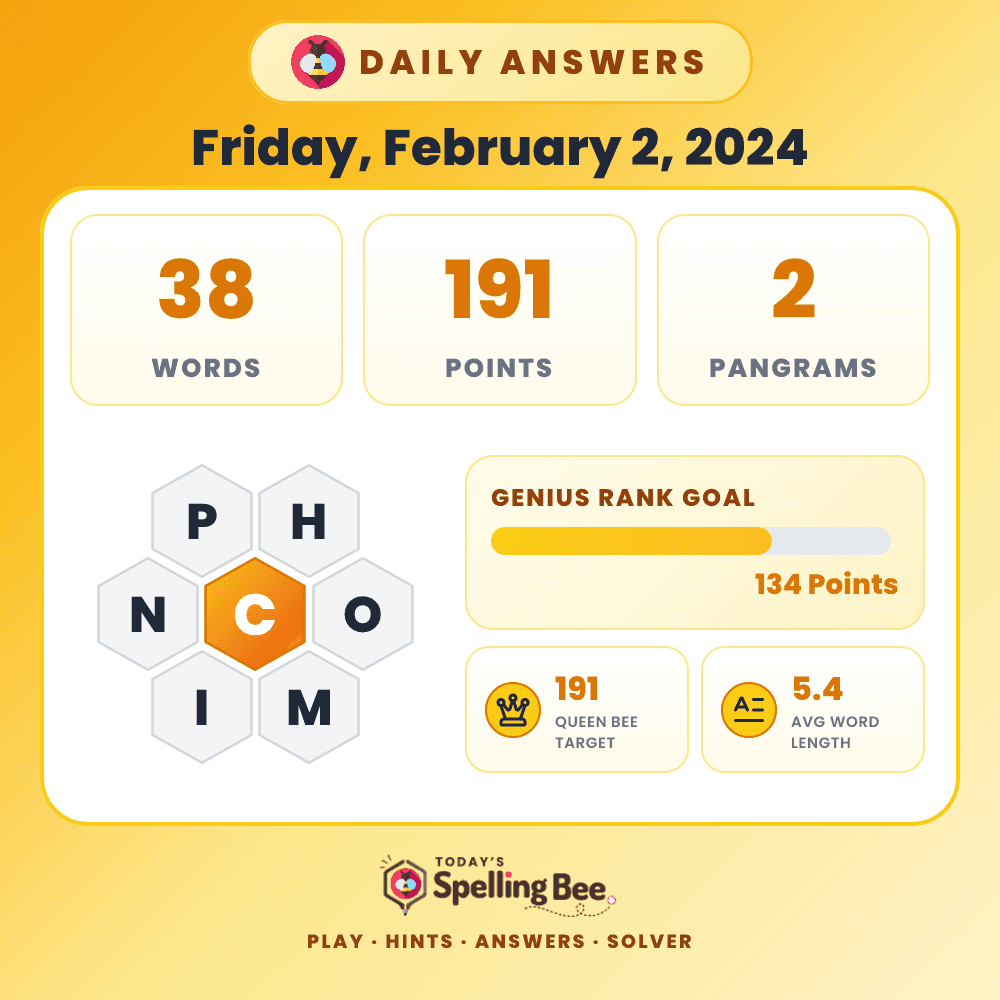 Spelling Bee hive for February 2, 2024 with center letter C and surrounding letters P,H,O,M,I and N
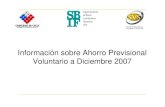 Situación del Ahorro Previsional Voluntario - …Evolución del Saldo de Ahorro Previsional Voluntario y Número de Cuentas (marzo 2002 – diciembre 2007) 0 500.000 1.000.000 1.500.000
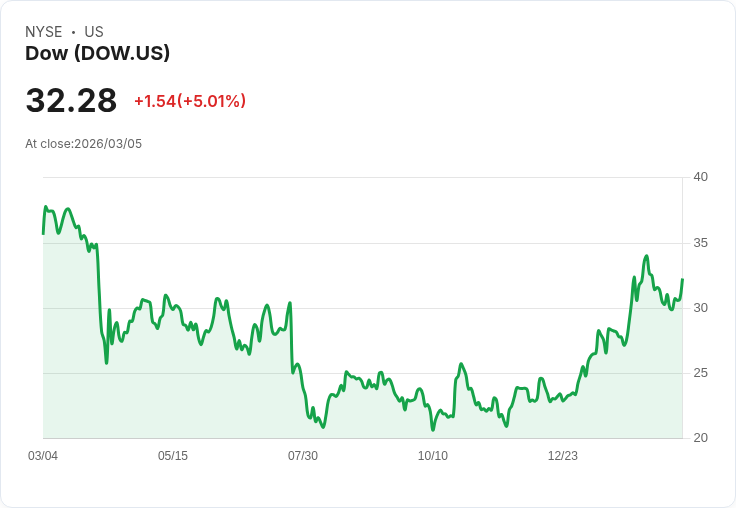 【00:57 即時新聞】Dow (DOW) 飆漲逾5％／受惠原物料族群強勢與油價上漲塑化題材發酵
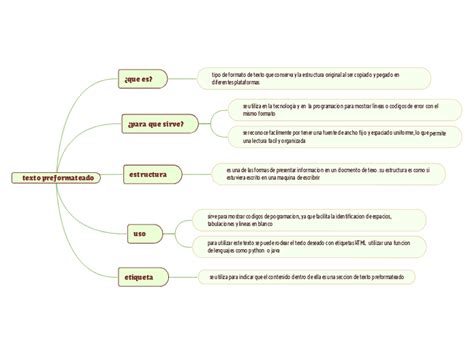 Texto Preformateado Mapa Mental Mindomo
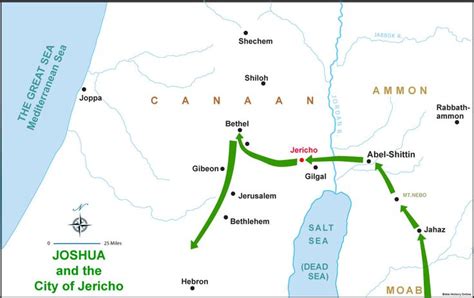 Map of Joshua's Journey Across the Jordan River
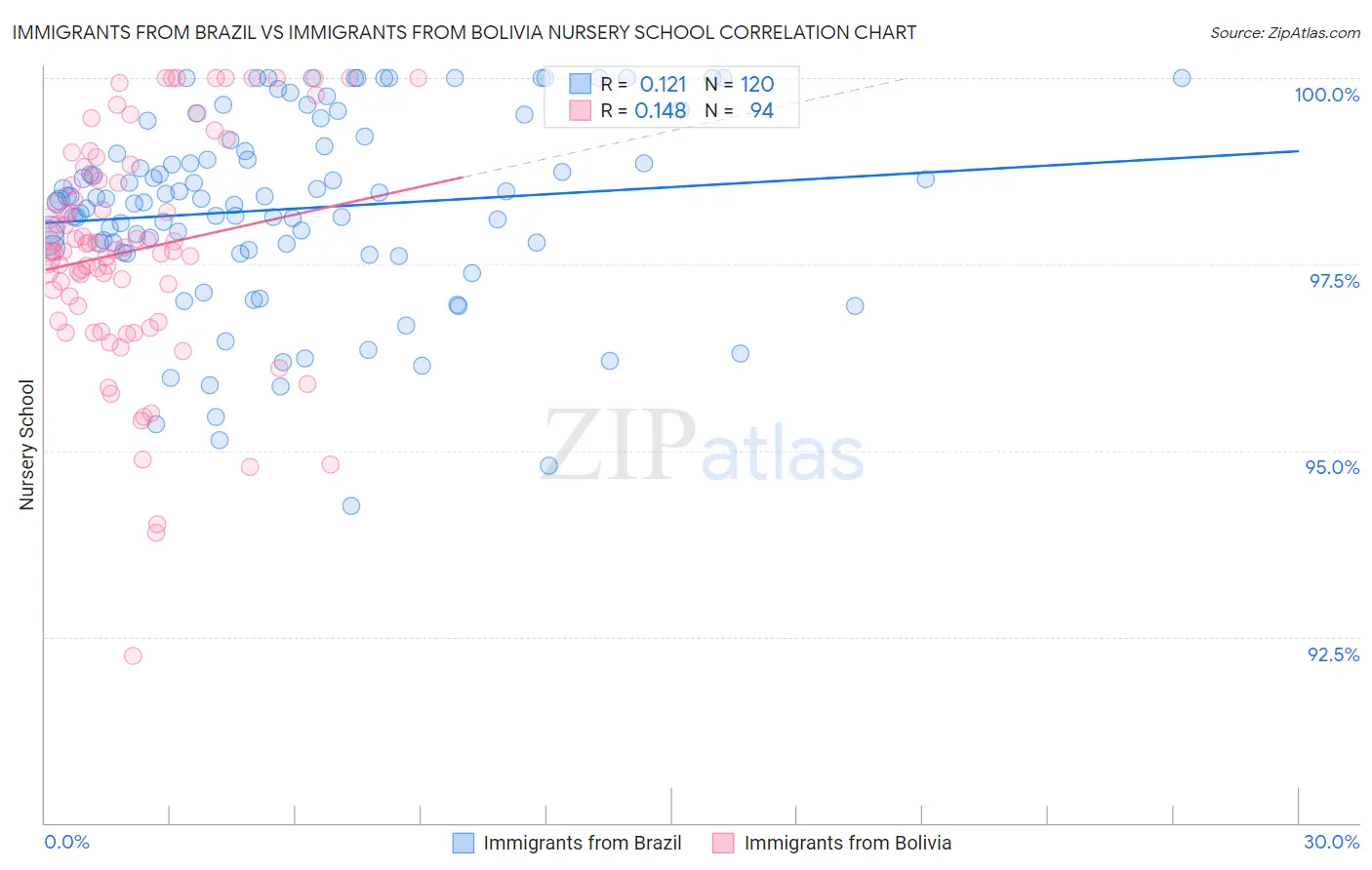 Immigrants from Brazil vs Immigrants from Bolivia Nursery School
.....
# WHAT THE TASK ASKS
In the copy, include no pictures; everything else in the material should be written out exactly.

# ANSWER AREA
 Spelling Bee hive for February 2, 2024 with center letter C and surrounding letters P,H,O,M,I and N
 Situación del Ahorro Previsional Voluntario - …Evolución del Saldo de Ahorro Previsional Voluntario y Número de Cuentas (marzo 2002 – diciembre 2007) 0 500.000 1.000.000 1.500.000
 【00:57 即時新聞】Dow (DOW) 飆漲逾5％／受惠原物料族群強勢與油價上漲塑化題材發酵
 Texto Preformateado Mapa Mental Mindomo
 Map of Joshua's Journey Across the Jordan River
 Immigrants from Brazil vs Immigrants from Bolivia Nursery School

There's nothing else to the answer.